Organisé sur une période de 10 mois (octobre 2020-juillet 2021), ‘’Sunu talents’’ a l’ambition de fournir des espaces et des ressources pour la réalisation de créations artistiques à un niveau professionnel contribuant à la formation de jeunes entrepreneurs, artistes et à la diffusion culturelle dans les régions, notamment avec une scène mobile qui permet une diffusion nationale. Ainsi, un appel à création a été lancé depuis le 5 octobre, permettant de sélectionner les plus prometteurs pour un accompagnement professionnel. A l’issue de ces sélections, les jeunes talents auront l’opportunité de se produire sur des scènes professionnelles avec des personnalités reconnues et une large couverture médiatique, selon les initiateurs. Cinquante créations seront sélectionnées, représentant environ 250 jeunes pour un premier soutien à la production d’une œuvre sous format numérique. Par la suite, 21 créations seront sélectionnées et bénéficieront d’une résidence artistique avec 7 centres culturels régionaux.
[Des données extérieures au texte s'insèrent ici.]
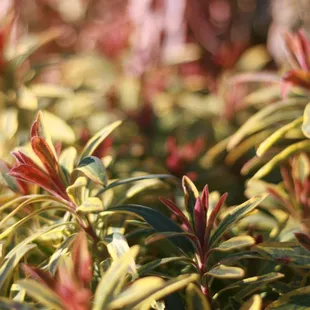 Euphorbia at Delta Tree Farms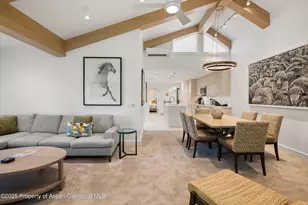 610 S West End St, Aspen, CO 81611 - Photo 6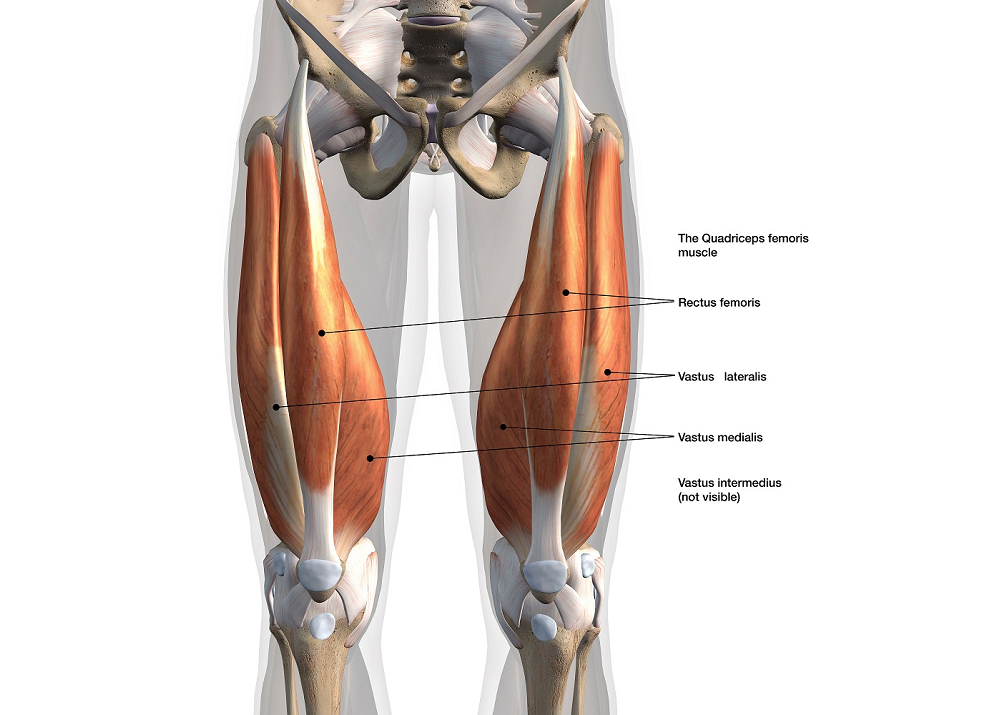 The Quadriceps Muscle Group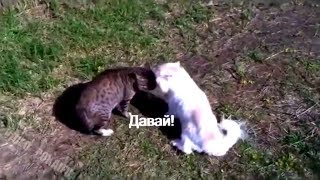 КОТЭ разборки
‘’Une soirée de restitution sera organisée à chaque sortie de résidence, permettant ainsi aux jeunes de présenter leurs œuvres scéniques face à une audience majoritairement jeune qui constituera également le jury de sélection avec des professionnels présents’’, souligne la coordinatrice du projet Camille Seck.
Elle précise qu’un projet par centre culturel sera retenu pour participer à la grande finale, amenant ainsi à 7 le nombre de créations finalistes : 3 en musique, 2 en théâtre, 2 en danse’’. Toujours selon la présentatrice du projet, l’ensemble des talents sélectionnés pour la grande finale bénéficieront d’une semaine de préparation ‘’intense’’ avec des coachings par experts locaux et internationaux, des rencontres avec des célébrités du secteur culturel et des formations en management artistique, connaissances de l’industrie culturelle, relations publiques.
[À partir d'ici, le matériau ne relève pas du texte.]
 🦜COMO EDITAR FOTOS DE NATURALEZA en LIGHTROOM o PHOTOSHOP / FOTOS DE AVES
De plus, les lauréats de ‘'Sunu talents’’ auront droit à un accompagnement financier et personnalisé pour la réalisation de leur production artistique et les outils de promotion nécessaires au lancement de leur carrière au niveau local et international. Ceci pour renforcer leur visibilité. ‘’Une tournée nationale sera organisée avec une scène mobile participant à l’accès à la culture pour tous et la valorisation de ces jeunes locaux incarnant l’image des possibles et de la réussite au Sénégal’’, explique-t-on. Et la grande représentation finale sera organisée à Dakar, ‘’pour un souci de qualité technique, en collaboration avec une télévision nationale’’, précise le directeur de Goethe-Institut, Philipp Küppers.
Cet institut qu’il dirige est l’initiateur du projet ‘’Les voix de la terre’’, avec le soutien de la coopération allemande Giz, dans le cadre du programme “Réussir au Sénégal”.
Par ailleurs, le projet ‘’Les voix de la terre’’ a lancé une plateforme web avec pour objectif de documenter et de cartographier la scène culturelle régionale sénégalaise. ‘’Quand je suis arrivé ici, ça fait trois ans déjà, j’ai passé beaucoup de temps à chercher des festivals culturels et des entrepreneurs culturels qui se trouvent dans les régions. Je trouve qu’il est important d’avoir un seul accès qui permet de voir ce qui se passe dans telle ou telle autre région’’, a relaté Philipp Küppers, soulignant la difficulté d’accéder à une cartographie globale des nombreuses manifestations culturelles existant au Sénégal. Pour l’équipe de ce projet, il n’est également pas toujours aisé, pour les acteurs des différentes régions, de créer des ponts, et donc de nouvelles opportunités interrégionales. Ses membres estiment que ‘’la plateforme web ‘Culture Sénégal’ permet de répertorier les évènements sur l’ensemble du pays par région et/ou par discipline, et s’avère être un outil essentiel pour connecter les auteurs culturels et apporter une visibilité au dynamisme culturel du Sénégal pouvant accroitre le tourisme et son économie’’.